Ghana Loses Billions of Dollars Annually to Trade-Related Illicit Financial Flows

Ghana continues to lose billions of dollars through trade-related illicit financial flows, with the scale of the problem believed to be far greater than previously estimated.

According to the 2026 Budget Statement presented to Parliament, the country recorded total imports valued at GH¢204 billion on a cost, insurance and freight (CIF) basis in 2024, but only GH¢85 billion of that amount was declared taxable. The wide gap has been attributed to practices such as misclassification and under-invoicing of imports.

Presenting the budget, the Minister of Finance, Dr Ato Forson, told lawmakers that the figures point to significant revenue leakages within the import system.

“In 2024 alone, Ghana recorded imports valued at GH¢204 billion (CIF), yet only GH¢85 billion was taxable, indicating widespread misclassification and under-invoicing,” he said.

Trade-related illicit financial flows are among the most common channels used globally to move funds illegally across borders, often depriving governments of critical revenue.

To address the challenge, the finance minister announced plans to deploy artificial intelligence-driven pre-arrival inspections for all cross-border shipments. He said the technology would help detect under-valuation, flag high-risk goods and strengthen the capacity of Customs to combat smuggling and other trade abuses.

“This approach will improve safety, protect national security and significantly boost customs revenue,” Forson said. “By integrating automation into port operations, we expect to enhance trade efficiency and close long-standing revenue gaps.”

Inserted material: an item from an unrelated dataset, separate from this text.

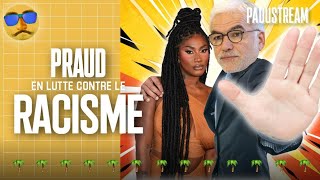 PASCAL PRAUD DÉNONCE LE RACISME SUBI PAR AYA NAKAMURA [upl. by Leuqer382]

The minister also highlighted Ghana’s leadership role within the Africa Group in shaping the emerging United Nations Framework on International Tax Cooperation. He said the framework, once adopted, would empower countries to more effectively tax non-resident digital and multinational companies, curb illicit financial flows and recover revenues lost through tax evasion and avoidance.

Efforts to combat illicit financial flows are also gaining momentum across the continent. In October, African governments, regional institutions and civil society groups launched the Anti-Illicit Financial Flows (IFFs) Policy Tracker at the 13th Pan-African Conference on Illicit Financial Flows and Taxation in Johannesburg, South Africa.

The tool is designed to support government institutions, tax administrators and civil society organisations by providing a structured way to track policies and actions aimed at tackling illicit financial flows.

Organisers said the Policy Tracker was developed following extensive engagement with key national institutions, including ministries of finance, revenue authorities, financial intelligence units, central banks, anti-corruption agencies, audit bodies and civil society groups, to ensure it reflects the institutional framework needed to combat IFFs and strengthen accountability.

Former South African President Thabo Mbeki, who chairs the High-Level Panel on Illicit Financial Flows from Africa, was present at the official launch on October 8, 2025.

According to the organisers, the initiative reflects a shared commitment to advancing transparency, accountability and sustainable domestic resource mobilisation across Africa.

“Illicit financial flows continue to drain billions of dollars from African economies each year, weakening public service delivery and slowing progress towards the Sustainable Development Goals,” they said.

The Policy Tracker provides up-to-date, data-driven assessments of government efforts to address tax-based illicit financial flows, helping stakeholders identify policy gaps, monitor reforms and measure their effectiveness.

Developed by Tax Justice Network Africa in collaboration with the African Union Commission and the African Tax Administration Forum, the tool builds on recommendations from major studies, including the High-Level Panel report on Illicit Financial Flows from Africa and recent work on international financial accountability and transparency.

Ghana, alongside Uganda, Côte d’Ivoire, Namibia and Liberia, participated in the pilot phase of the initiative.